Entries below include pictures. Output exactly the lines from the one with "Madison Park Leila" down to the one with "Michael Kors Accessories", both ends included, and leave the pictures out.
Source records below:
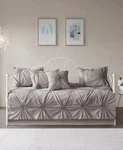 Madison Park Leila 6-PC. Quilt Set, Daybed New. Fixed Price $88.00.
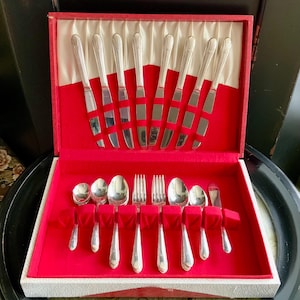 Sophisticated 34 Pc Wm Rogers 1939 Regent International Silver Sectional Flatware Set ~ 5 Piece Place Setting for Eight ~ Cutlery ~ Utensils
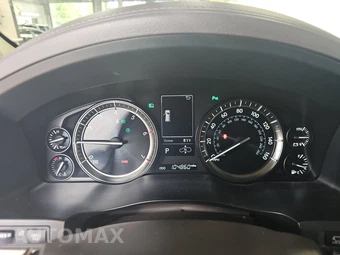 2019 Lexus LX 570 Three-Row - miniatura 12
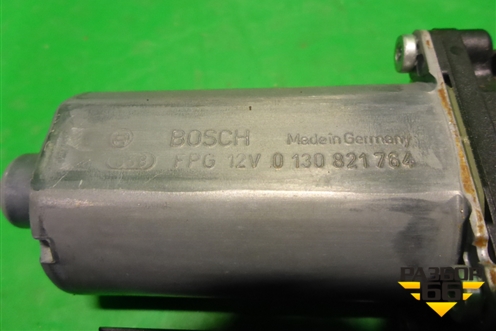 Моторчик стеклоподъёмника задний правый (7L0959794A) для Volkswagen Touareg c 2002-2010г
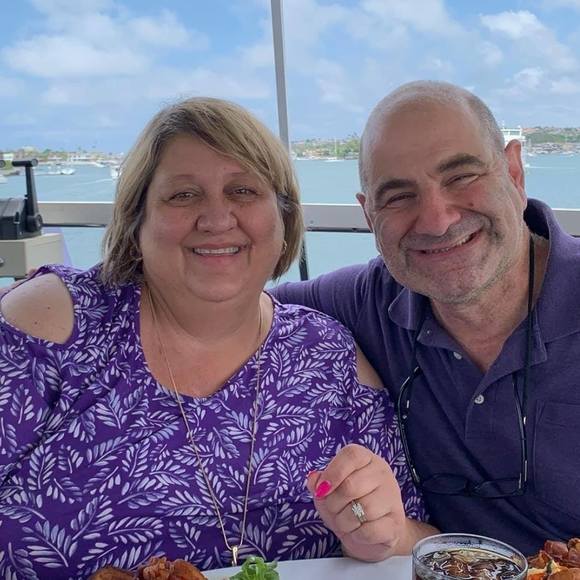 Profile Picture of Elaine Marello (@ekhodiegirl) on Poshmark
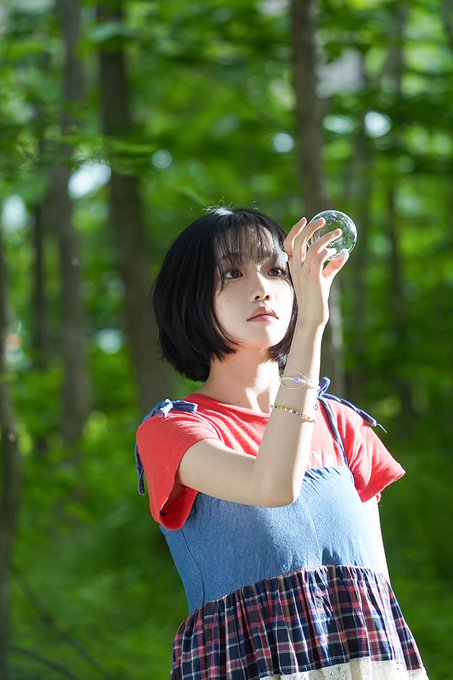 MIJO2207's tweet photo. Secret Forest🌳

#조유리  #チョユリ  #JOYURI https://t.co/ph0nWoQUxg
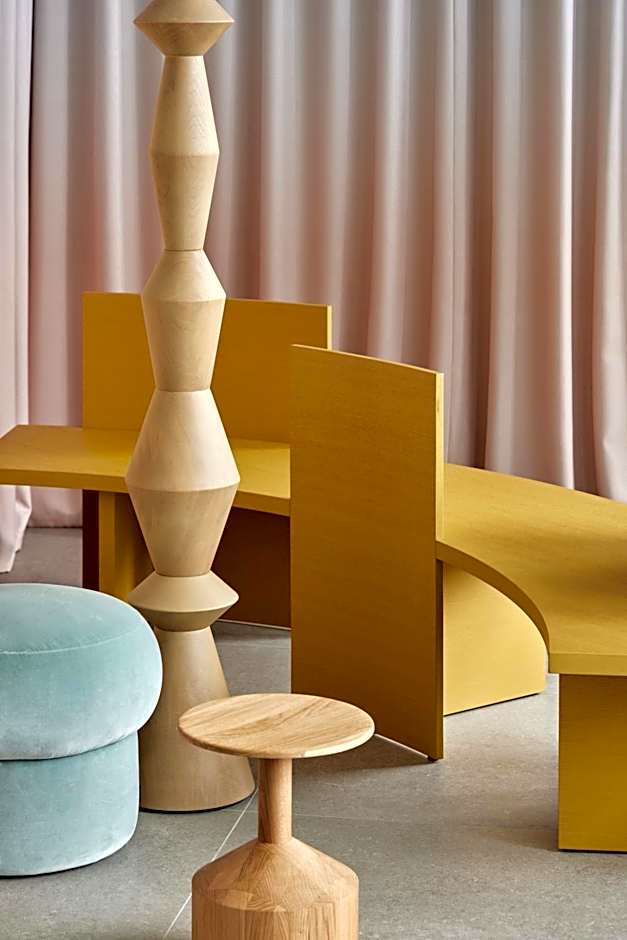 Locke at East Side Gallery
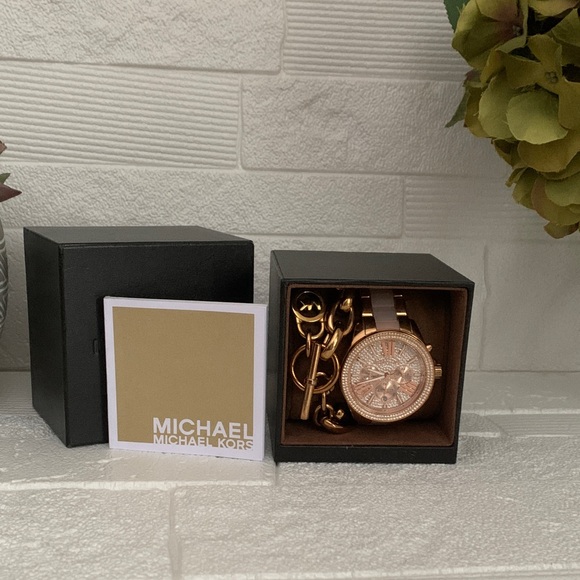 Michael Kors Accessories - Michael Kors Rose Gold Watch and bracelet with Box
End of Source records.
Source records below:
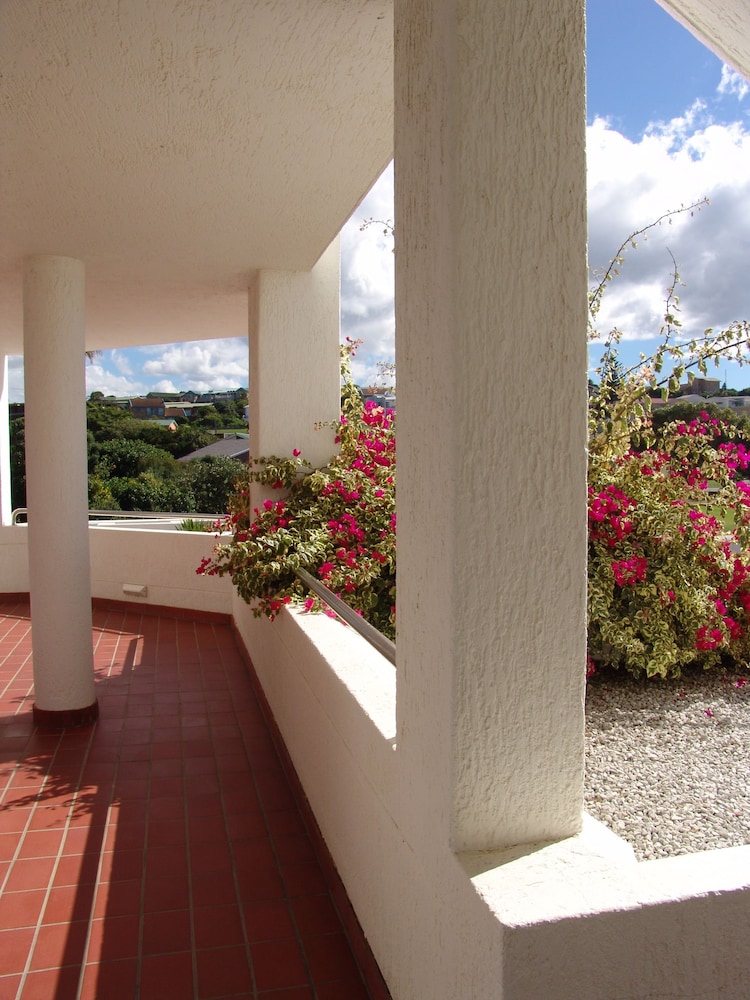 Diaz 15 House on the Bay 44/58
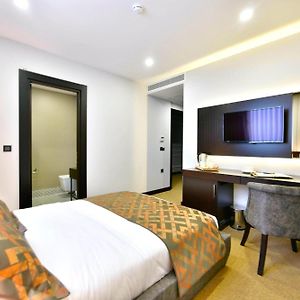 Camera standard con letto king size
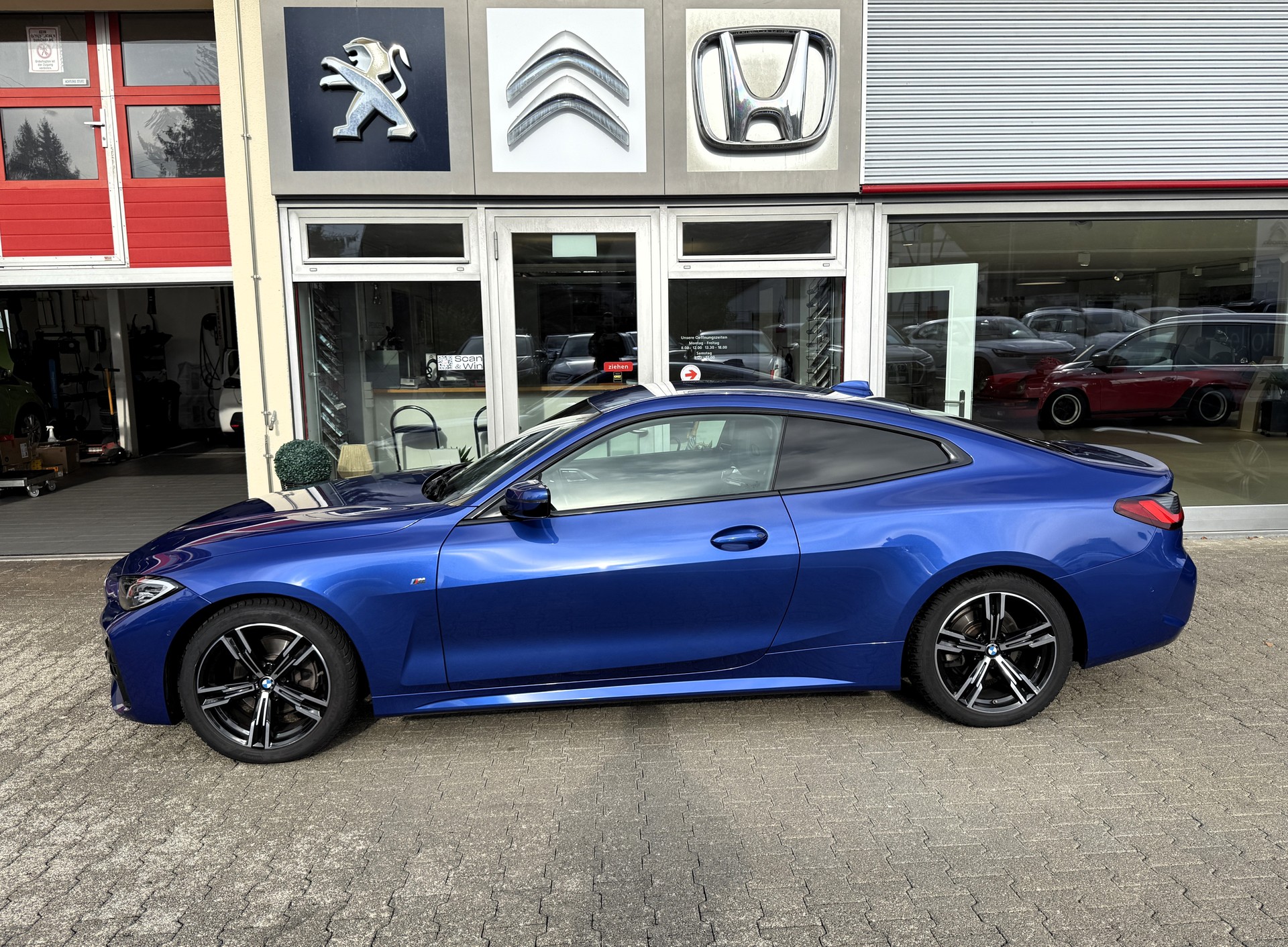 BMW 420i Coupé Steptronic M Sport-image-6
End of Source records.
## Written reply
 Madison Park Leila 6-PC. Quilt Set, Daybed New. Fixed Price $88.00.
 Sophisticated 34 Pc Wm Rogers 1939 Regent International Silver Sectional Flatware Set ~ 5 Piece Place Setting for Eight ~ Cutlery ~ Utensils
 2019 Lexus LX 570 Three-Row - miniatura 12
 Моторчик стеклоподъёмника задний правый (7L0959794A) для Volkswagen Touareg c 2002-2010г
 Profile Picture of Elaine Marello (@ekhodiegirl) on Poshmark
 MIJO2207's tweet photo. Secret Forest🌳

#조유리  #チョユリ  #JOYURI https://t.co/ph0nWoQUxg
 Locke at East Side Gallery
 Michael Kors Accessories - Michael Kors Rose Gold Watch and bracelet with Box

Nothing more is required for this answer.